Cape to change law to hire new municipal judge
Friday, September 12, 2003
In a move that violates current city law, the Cape Girardeau City Council hired a municipal judge who doesn't live here.
A divided council -- behind closed doors on Aug. 18 -- chose Cape Girardeau County part-time prosecutor Teresa Bright-Pearson, who lives in East Prairie, Mo., as the city's next municipal judge. To make it legal, the council has to change a city ordinance on residency requirements for a municipal judge.
The revised ordinance is scheduled for final approval at Monday night's council meeting, which begins at 7 p.m. at city hall.
Mayor Jay Knudtson said he planned to announce her hiring after the council's final vote on the ordinance. "We can't officially employ her until after the ordinance is changed," he said.
The issue has sparked criticism from some Cape Girardeau lawyers who say a city job should go to a city resident, not an out-of-town lawyer.

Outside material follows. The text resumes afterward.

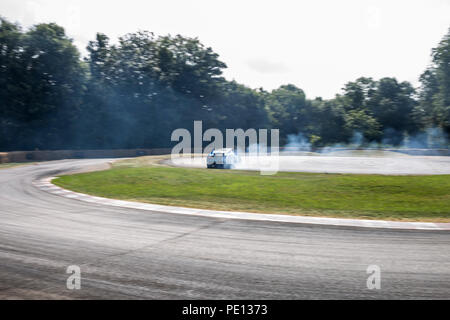 Ein Jaguar Sportwagen spinnt seine Reifen, Erstellen von Rauch, auf einer Schiene am Goodwood Festival der Geschwindigkeit 2018. Stockfoto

But Knudtson said, with today's technology of fax machines and electronic mail, there's no longer a need for a municipal judge to live in the city, although state law requires Missouri's municipal judges to be state residents.
Knudtson said having a non-resident as judge could insulate her from undue public pressure. "It may even allow the judge to be even more objective," the mayor said.
Bright-Pearson -- a former federal prosecutor and former Mississippi County prosecuting attorney -- will begin her duties Oct. 1 under a two-year contract that will pay her $49,000 a year for the part-time job, which requires her to preside over municipal court at city hall for two days each week. She had been making $21,804 as a part-time county prosecutor.
Knudtson defended the council's related decision to raise the salary of municipal judge by $12,500, saying Cape Girardeau has been paying its municipal judge far less than what comparable cities offer. Lawyers, he said, can make much higher salaries in private practice.
Bright-Pearson was chosen on a 4-3 vote over another finalist, Cape Girardeau lawyer Mercedes Fort. Knudtson and council members Matt Hopkins, Jay Purcell and Charlie Herbst voted for Bright-Pearson.
Council members Hugh White, Evelyn Boardman and Marcia Ritter voted against hiring her. The residency issue was a factor in the "no" votes of at least two of the three council members.
White said it was a concern, but not "an overwhelming factor." Once the decision was made, White said he felt it was important for the entire council to back the person hired.
Ritter said ultimately it came down to a majority vote. "Obviously to the four who voted for her, residency was not an issue, period," Ritter said.
Boardman couldn't be reached Thursday.
Bright-Pearson will replace municipal judge Kim Price, who has served as judge since May 2001. Price said she's leaving to take a job with the Osburn, Hine, Kuntze, Yates and Murphy law firm of Cape Girardeau.
Reasons for residency
Pat McMenamin, a lawyer who lives in Cape Girardeau and works as an assistant public defender, said there are good reasons to require a municipal judge to live in Cape Girardeau, including the judge's availability to sign warrants and be available for emergencies.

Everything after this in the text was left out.